[Exercise] What you return should be the lines from the one with "70 Alamanda Boulevard, Point Cook VIC 3030" through the one with "Hydrating & Refreshing Face Cleanser" in the data below, reproduced exactly with both ends, and no pictures at all.

[Extracted data]
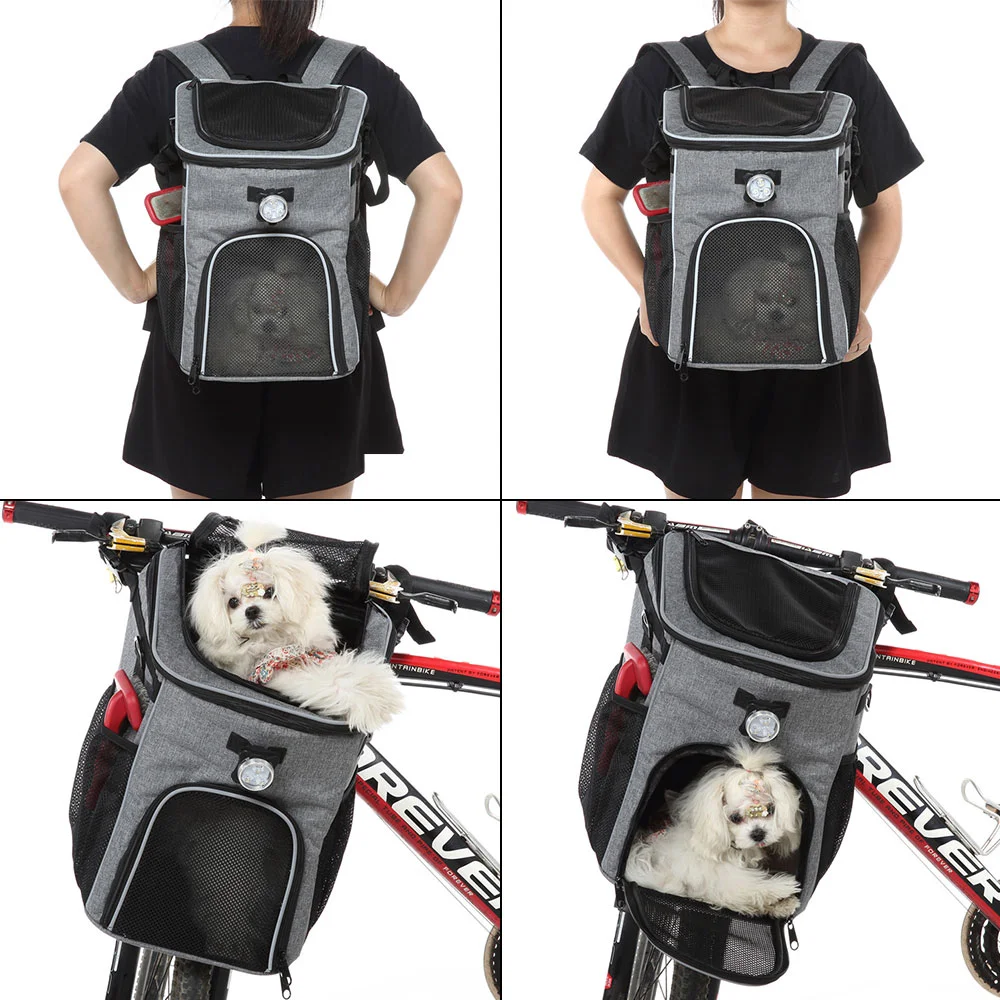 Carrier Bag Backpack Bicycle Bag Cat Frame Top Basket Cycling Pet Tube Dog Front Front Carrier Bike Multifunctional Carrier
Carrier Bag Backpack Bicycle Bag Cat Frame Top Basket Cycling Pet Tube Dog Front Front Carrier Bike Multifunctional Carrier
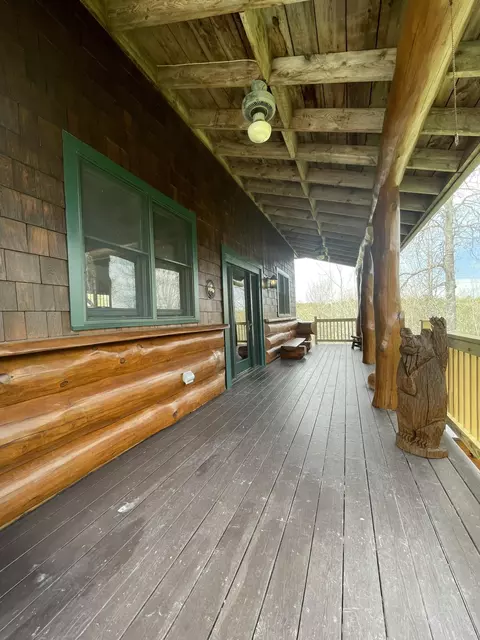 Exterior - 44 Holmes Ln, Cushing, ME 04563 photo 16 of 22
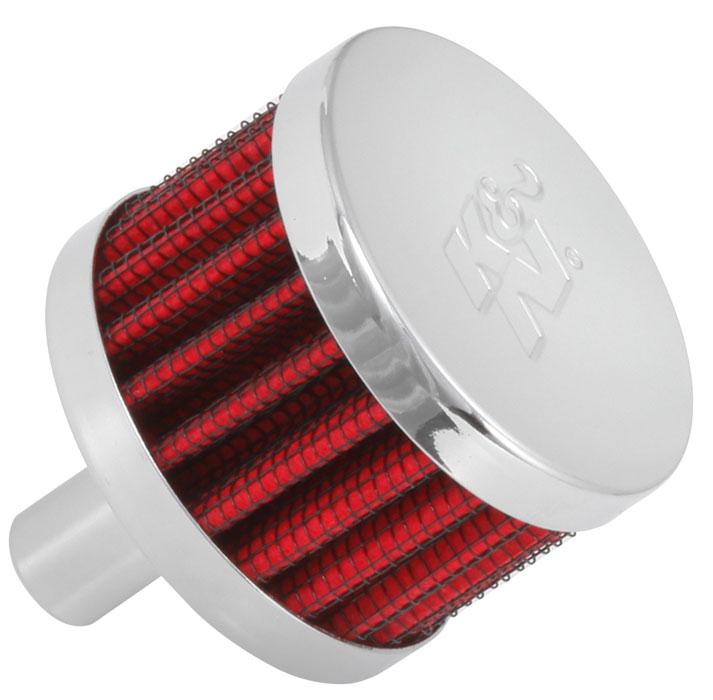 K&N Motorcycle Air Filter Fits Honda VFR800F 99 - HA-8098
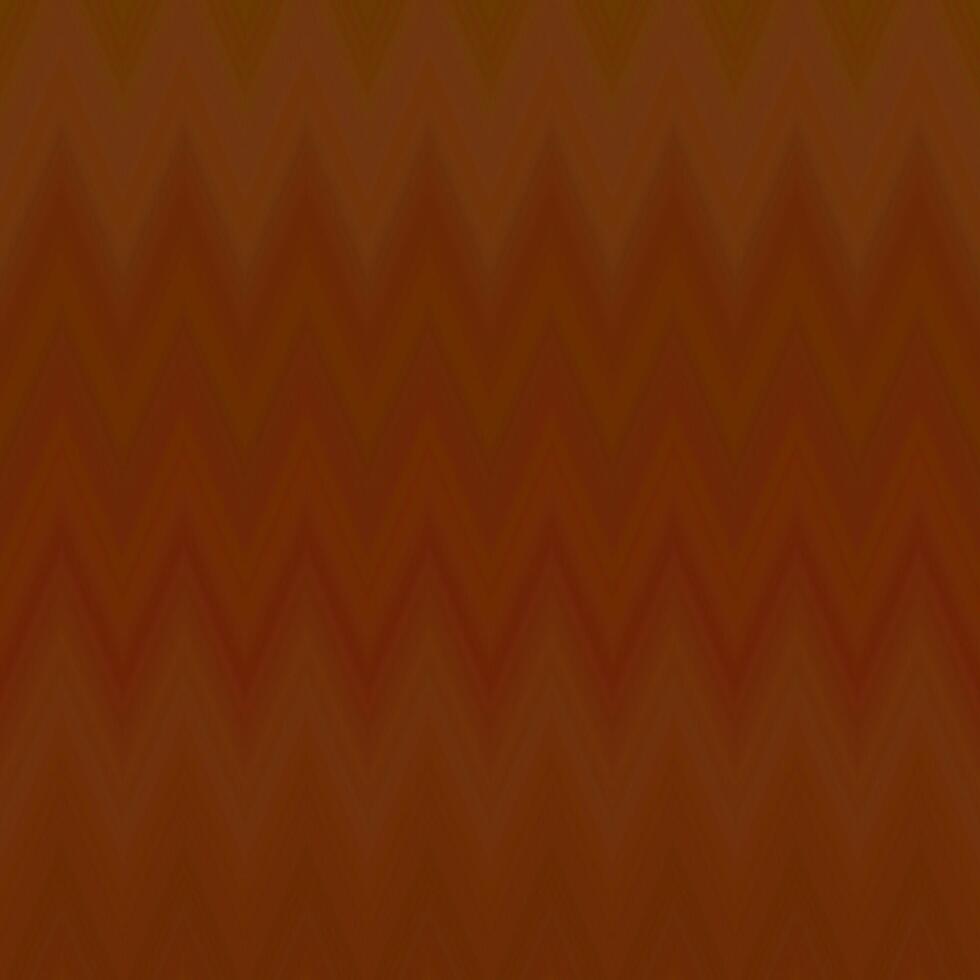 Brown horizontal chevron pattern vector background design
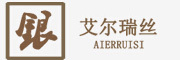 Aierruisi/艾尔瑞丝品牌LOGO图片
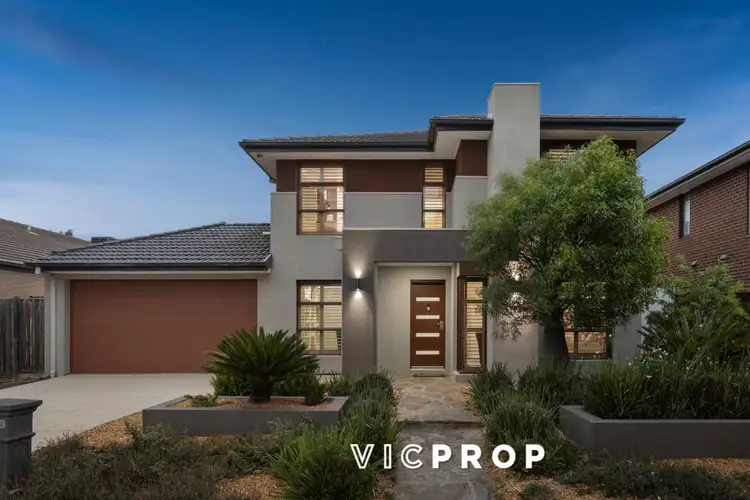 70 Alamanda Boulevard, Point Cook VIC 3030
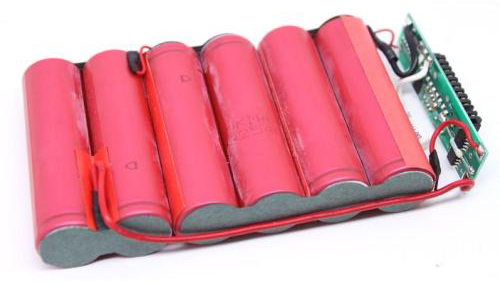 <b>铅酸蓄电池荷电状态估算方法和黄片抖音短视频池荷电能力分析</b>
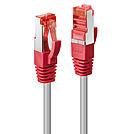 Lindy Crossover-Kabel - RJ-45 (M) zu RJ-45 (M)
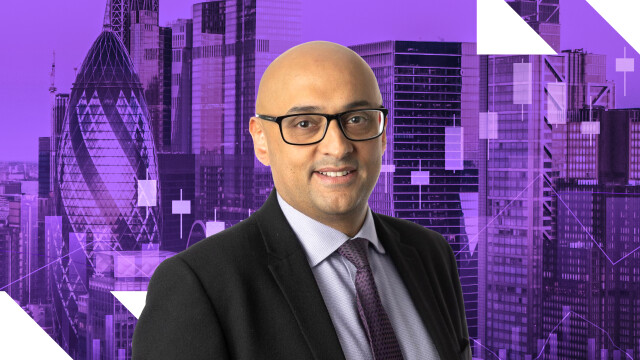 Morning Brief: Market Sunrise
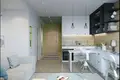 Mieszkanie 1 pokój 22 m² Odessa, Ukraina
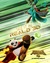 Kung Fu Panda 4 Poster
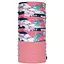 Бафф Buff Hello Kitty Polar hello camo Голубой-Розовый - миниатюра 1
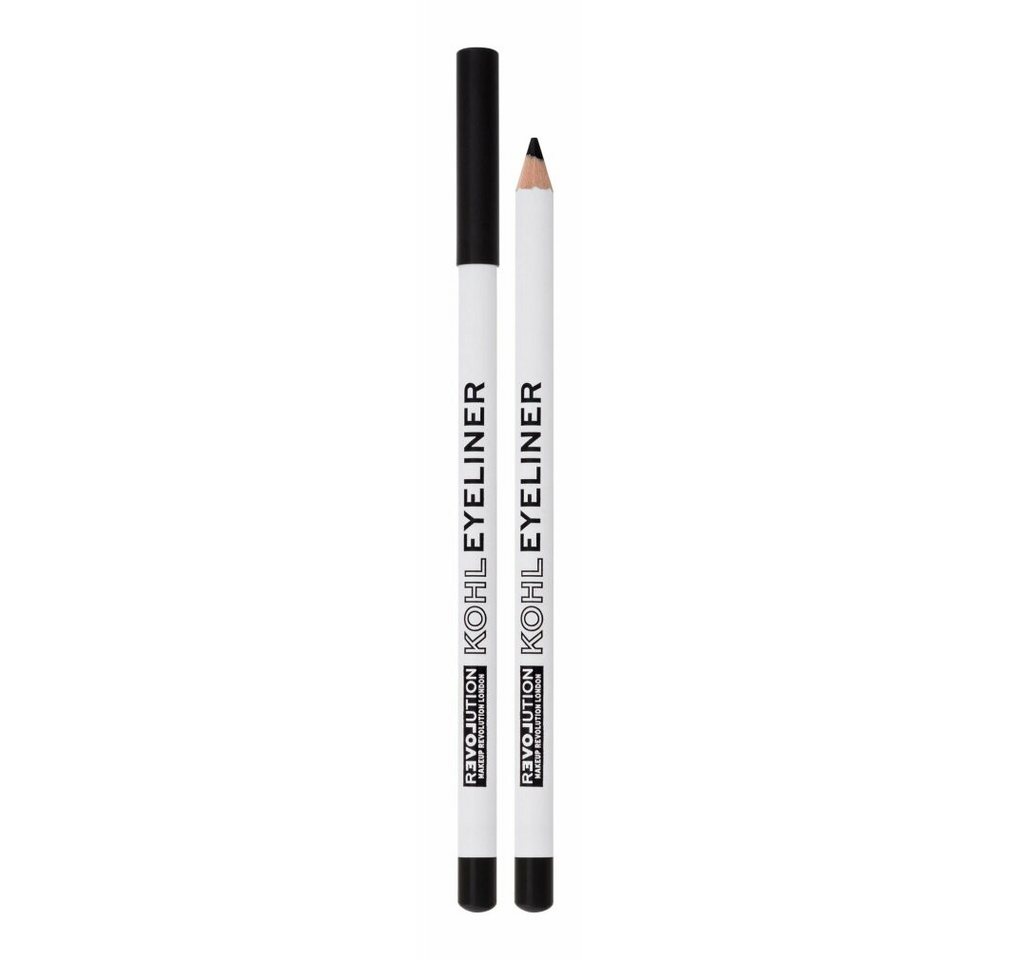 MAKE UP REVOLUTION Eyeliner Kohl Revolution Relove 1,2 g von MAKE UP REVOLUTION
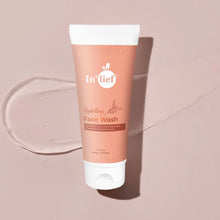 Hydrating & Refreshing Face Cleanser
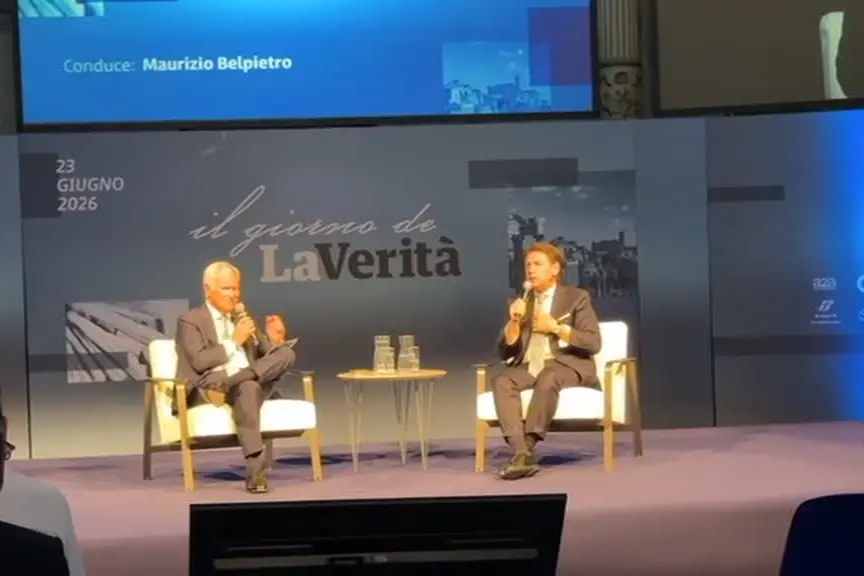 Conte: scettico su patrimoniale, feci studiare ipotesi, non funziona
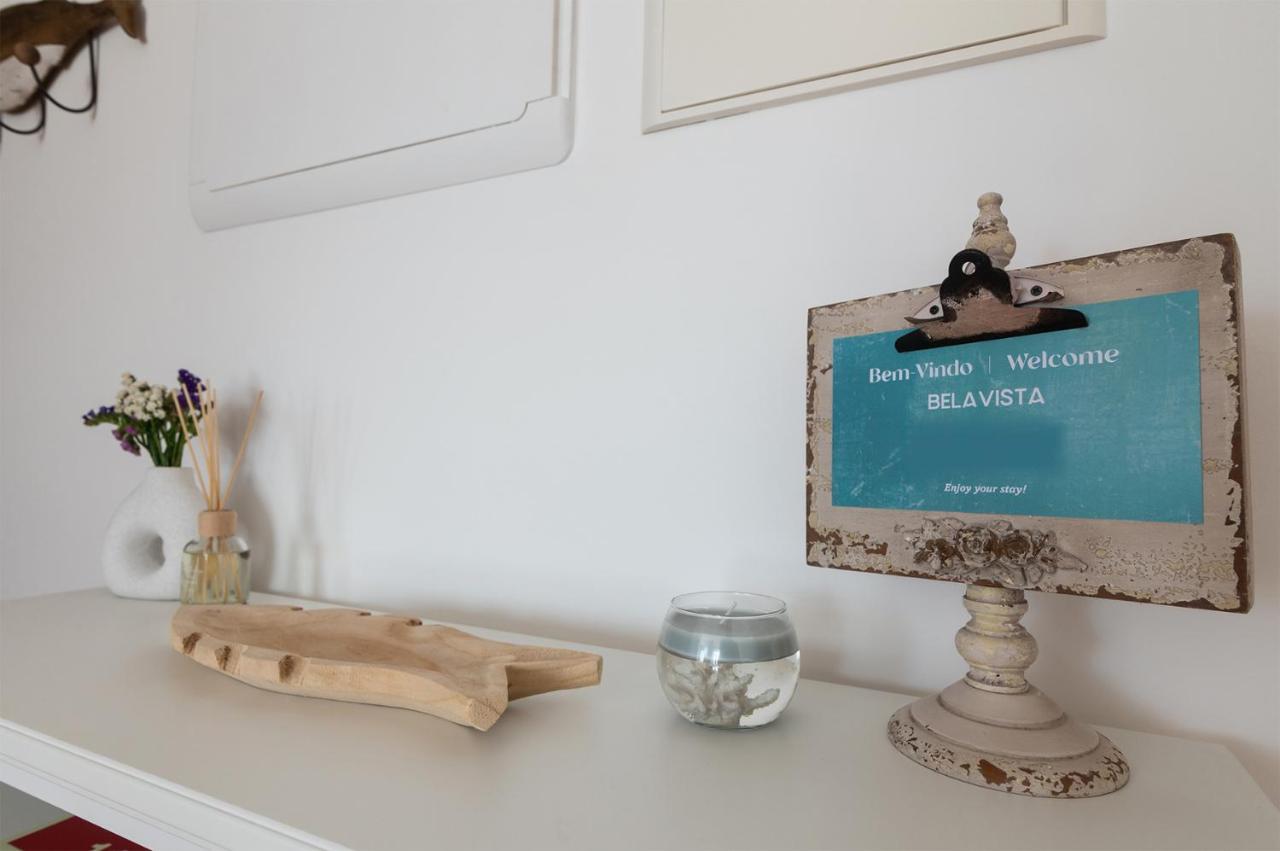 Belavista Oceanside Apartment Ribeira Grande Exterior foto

[Answer for the task]
 70 Alamanda Boulevard, Point Cook VIC 3030
 <b>铅酸蓄电池荷电状态估算方法和黄片抖音短视频池荷电能力分析</b>
 Lindy Crossover-Kabel - RJ-45 (M) zu RJ-45 (M)
 Morning Brief: Market Sunrise
 Mieszkanie 1 pokój 22 m² Odessa, Ukraina
 Kung Fu Panda 4 Poster
 Бафф Buff Hello Kitty Polar hello camo Голубой-Розовый - миниатюра 1
 MAKE UP REVOLUTION Eyeliner Kohl Revolution Relove 1,2 g von MAKE UP REVOLUTION
 Hydrating & Refreshing Face Cleanser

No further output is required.